**Description of the task**
If an entry below contains an image, drop the image and retype the rest exactly.

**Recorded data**
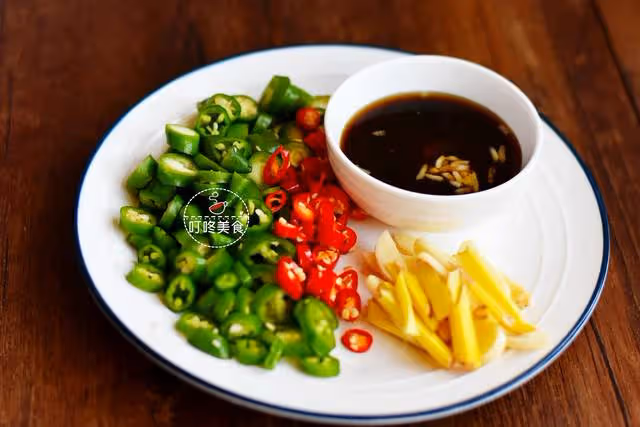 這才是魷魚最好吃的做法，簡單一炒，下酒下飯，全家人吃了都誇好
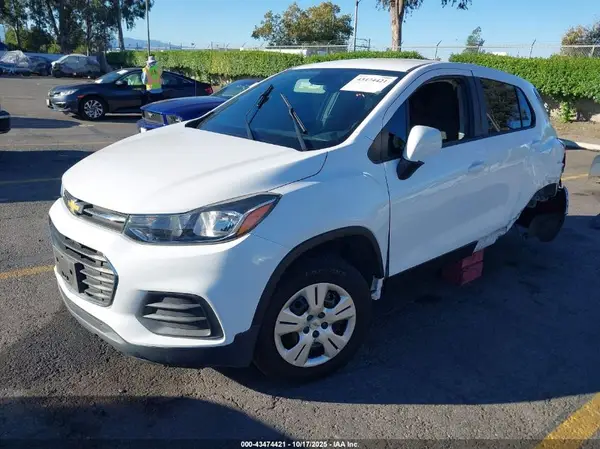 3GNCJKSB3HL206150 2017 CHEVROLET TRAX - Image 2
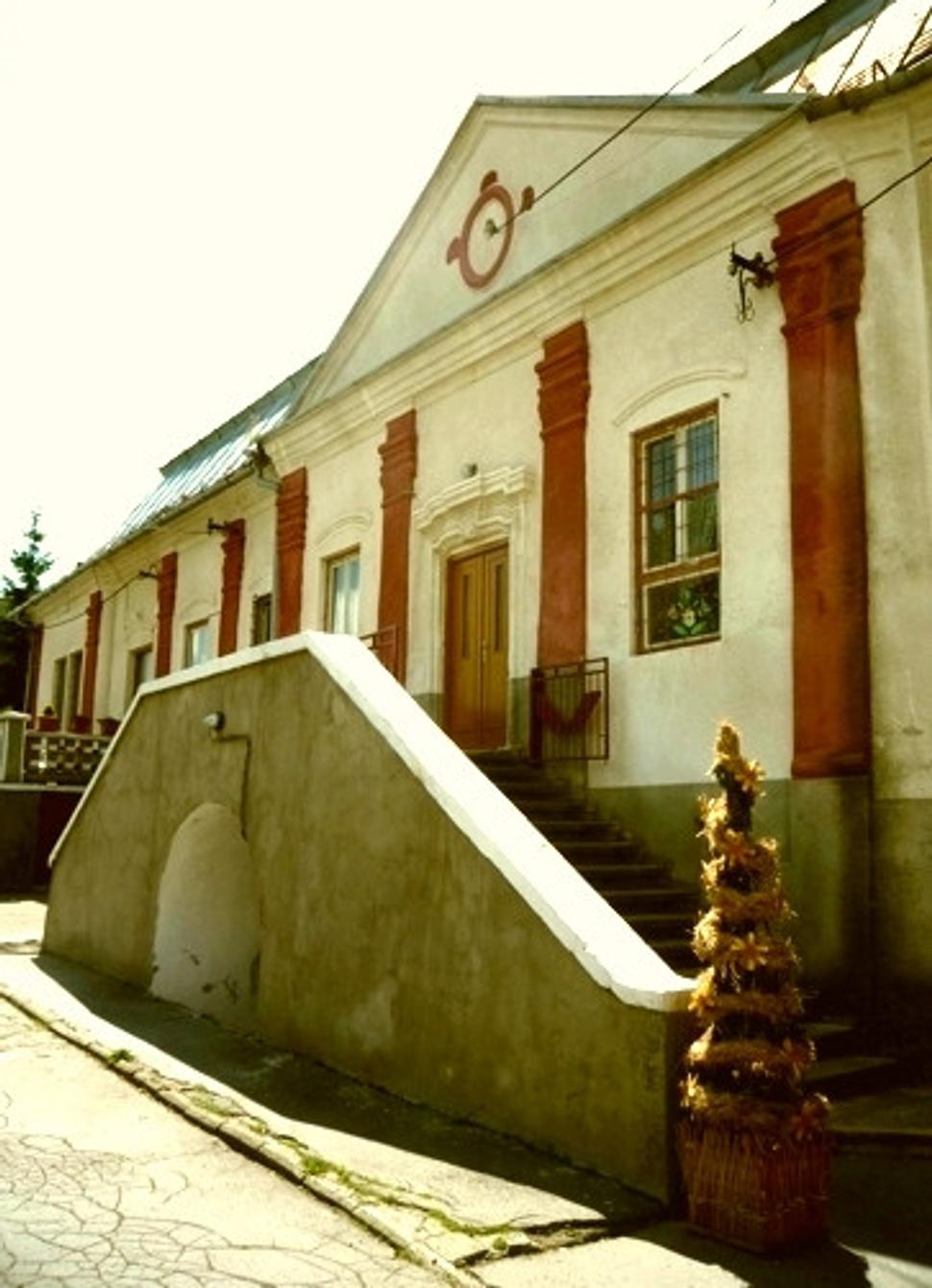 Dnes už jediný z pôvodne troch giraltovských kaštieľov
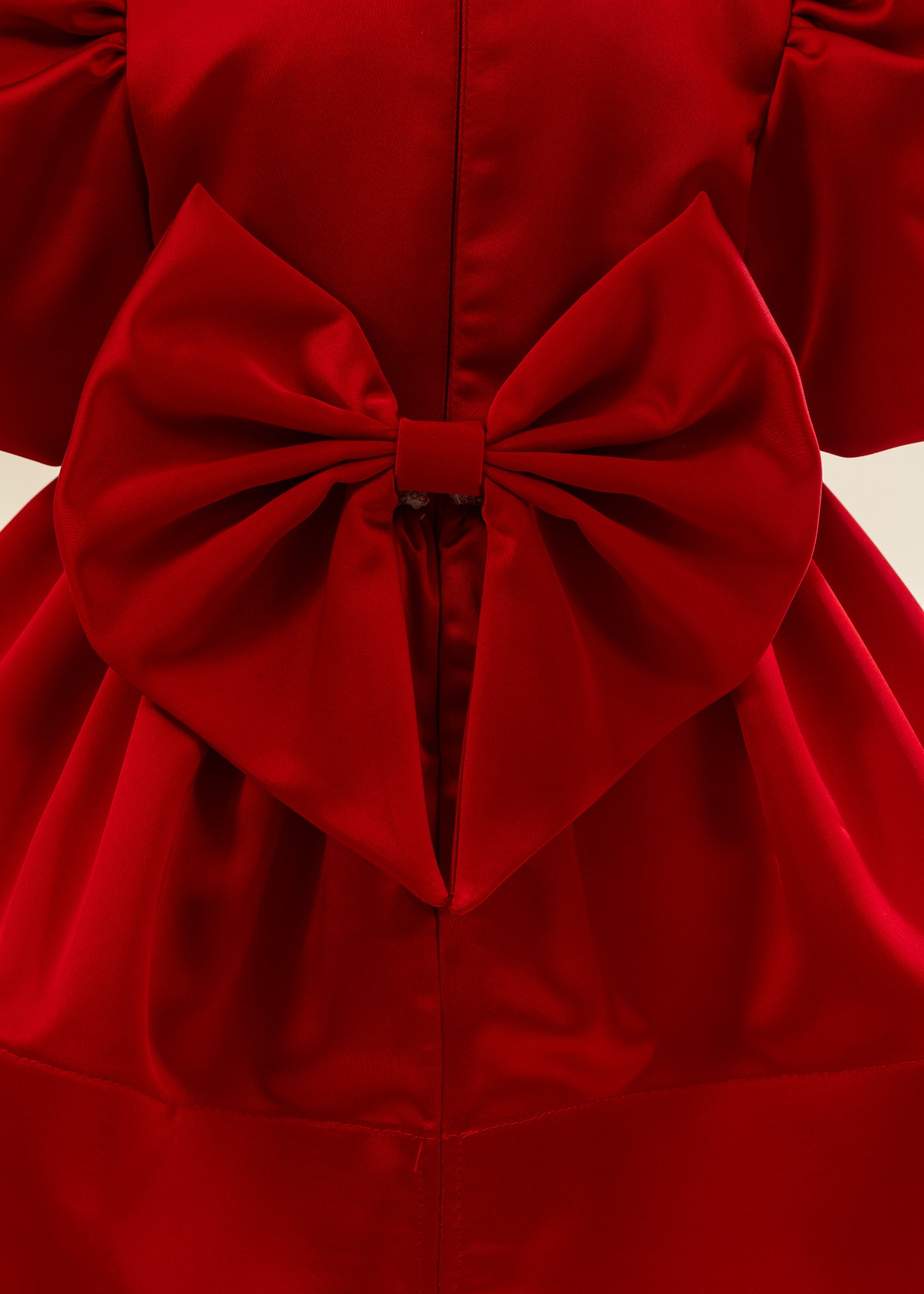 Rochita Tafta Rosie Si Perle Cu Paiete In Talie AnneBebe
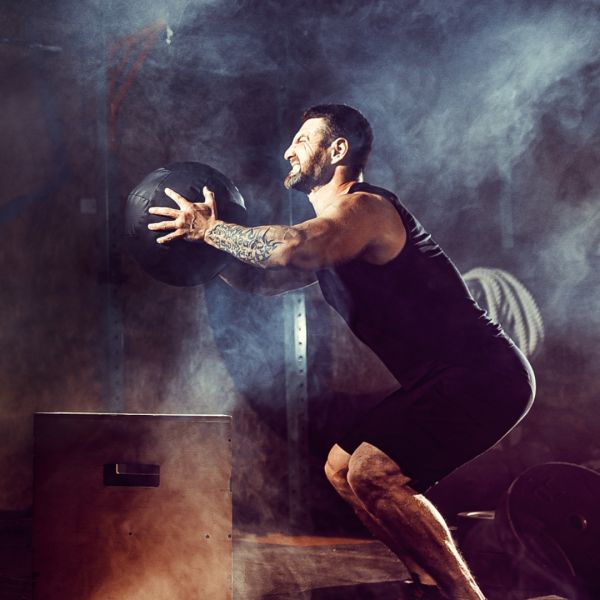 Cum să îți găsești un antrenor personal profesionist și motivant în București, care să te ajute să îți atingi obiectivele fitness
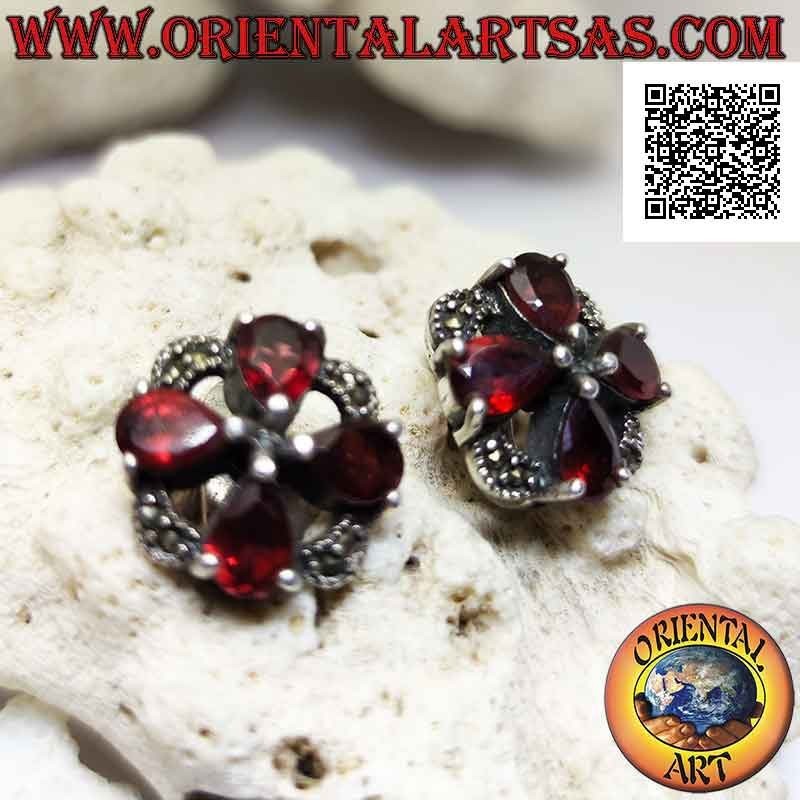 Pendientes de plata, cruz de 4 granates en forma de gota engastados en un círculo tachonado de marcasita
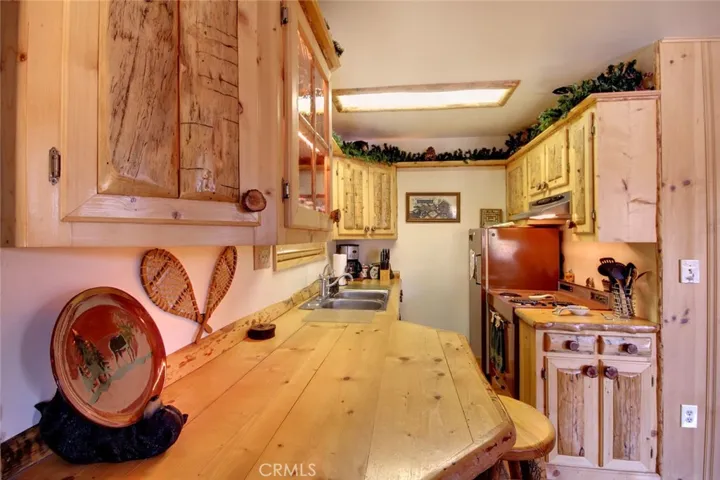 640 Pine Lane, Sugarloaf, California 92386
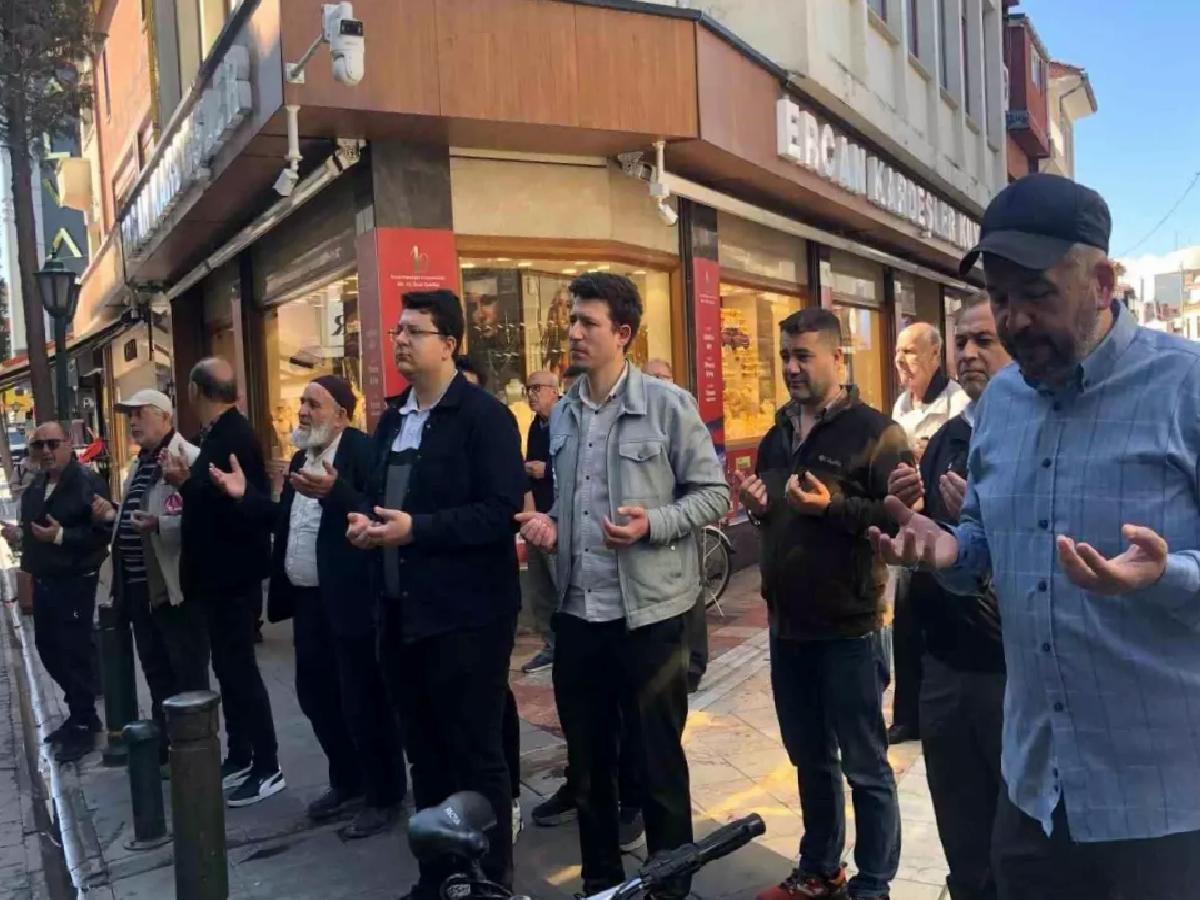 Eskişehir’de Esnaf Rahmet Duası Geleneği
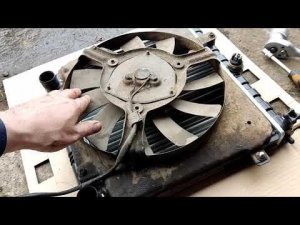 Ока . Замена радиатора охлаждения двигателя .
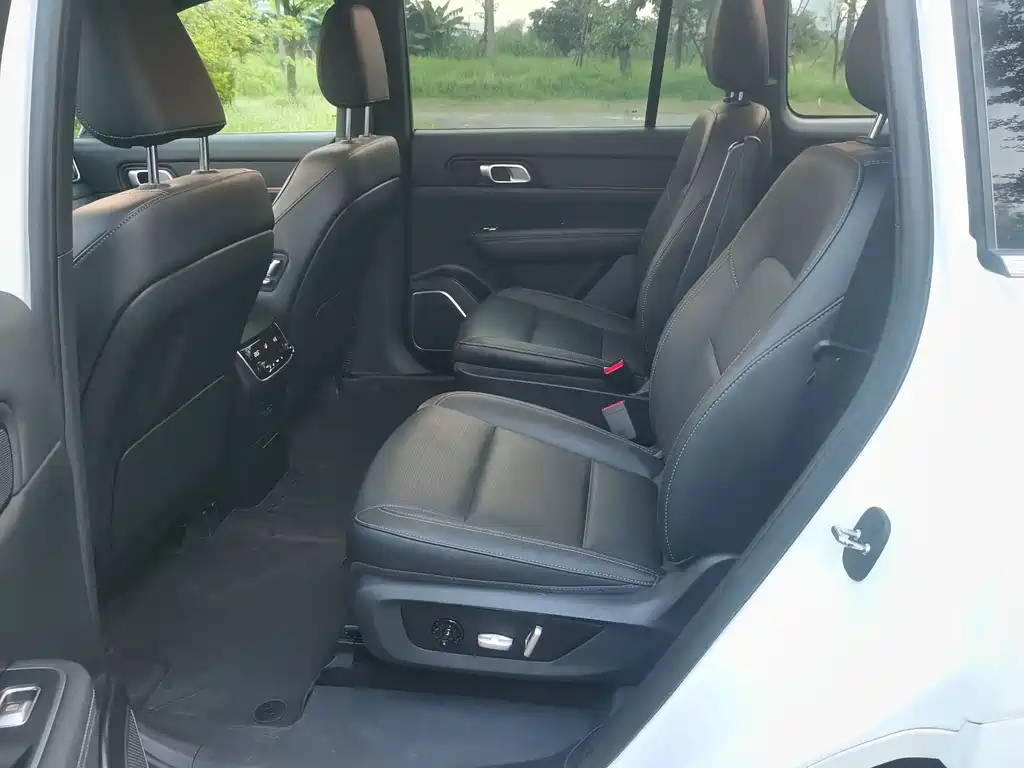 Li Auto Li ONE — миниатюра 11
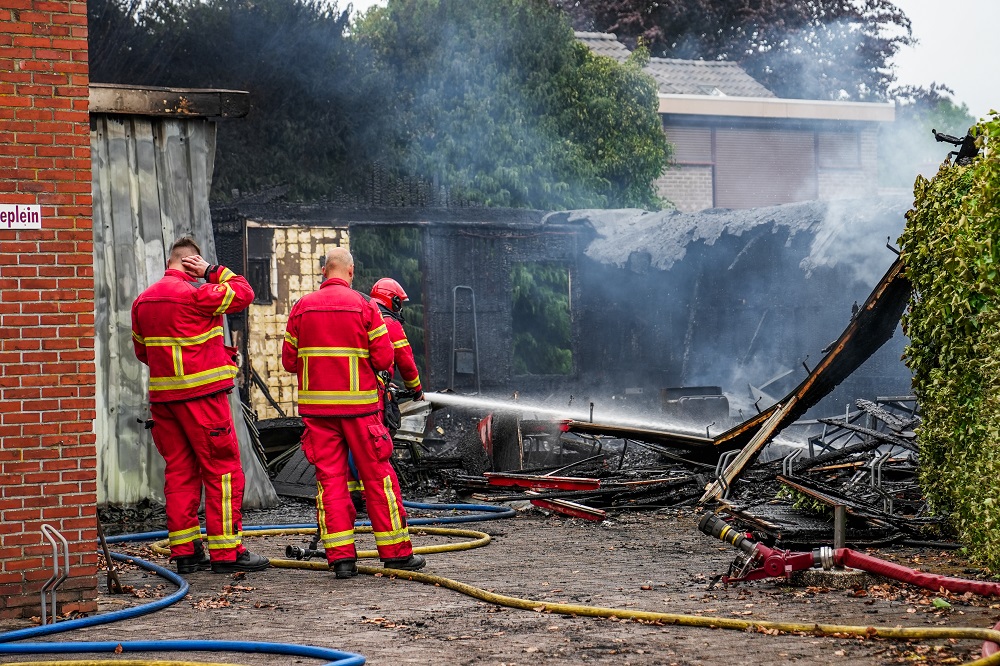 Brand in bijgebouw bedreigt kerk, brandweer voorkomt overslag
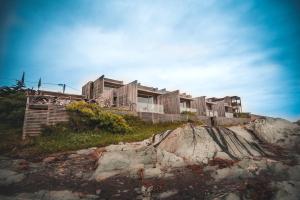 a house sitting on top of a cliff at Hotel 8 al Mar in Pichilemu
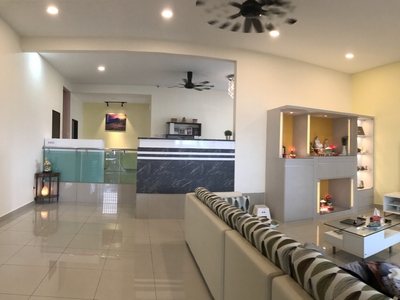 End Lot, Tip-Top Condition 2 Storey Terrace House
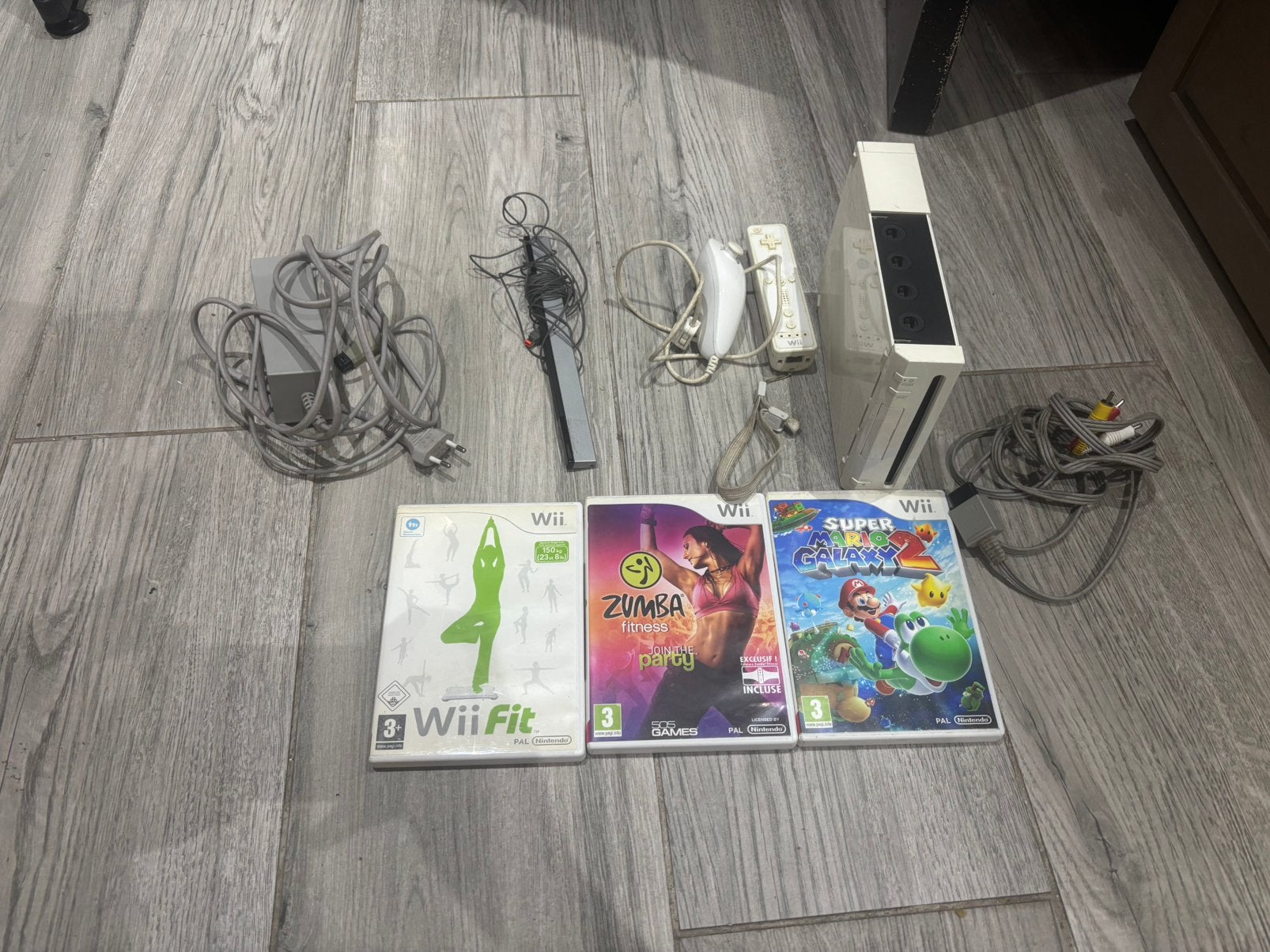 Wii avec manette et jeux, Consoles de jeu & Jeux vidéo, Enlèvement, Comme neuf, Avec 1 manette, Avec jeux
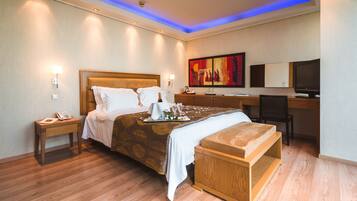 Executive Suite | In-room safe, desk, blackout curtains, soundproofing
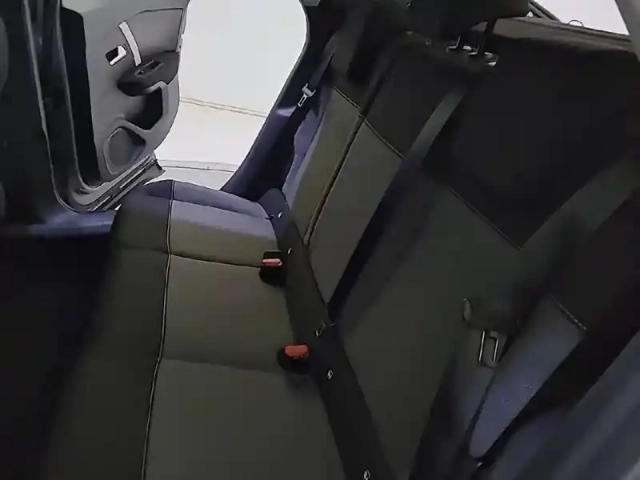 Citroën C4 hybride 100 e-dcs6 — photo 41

**Solution for this problem**
 這才是魷魚最好吃的做法，簡單一炒，下酒下飯，全家人吃了都誇好
 3GNCJKSB3HL206150 2017 CHEVROLET TRAX - Image 2
 Dnes už jediný z pôvodne troch giraltovských kaštieľov
 Rochita Tafta Rosie Si Perle Cu Paiete In Talie AnneBebe
 Cum să îți găsești un antrenor personal profesionist și motivant în București, care să te ajute să îți atingi obiectivele fitness
 Pendientes de plata, cruz de 4 granates en forma de gota engastados en un círculo tachonado de marcasita
 640 Pine Lane, Sugarloaf, California 92386
 Eskişehir’de Esnaf Rahmet Duası Geleneği
 Ока . Замена радиатора охлаждения двигателя .
 Li Auto Li ONE — миниатюра 11
 Brand in bijgebouw bedreigt kerk, brandweer voorkomt overslag
 a house sitting on top of a cliff at Hotel 8 al Mar in Pichilemu
 End Lot, Tip-Top Condition 2 Storey Terrace House
 Wii avec manette et jeux, Consoles de jeu & Jeux vidéo, Enlèvement, Comme neuf, Avec 1 manette, Avec jeux
 Executive Suite | In-room safe, desk, blackout curtains, soundproofing
 Citroën C4 hybride 100 e-dcs6 — photo 41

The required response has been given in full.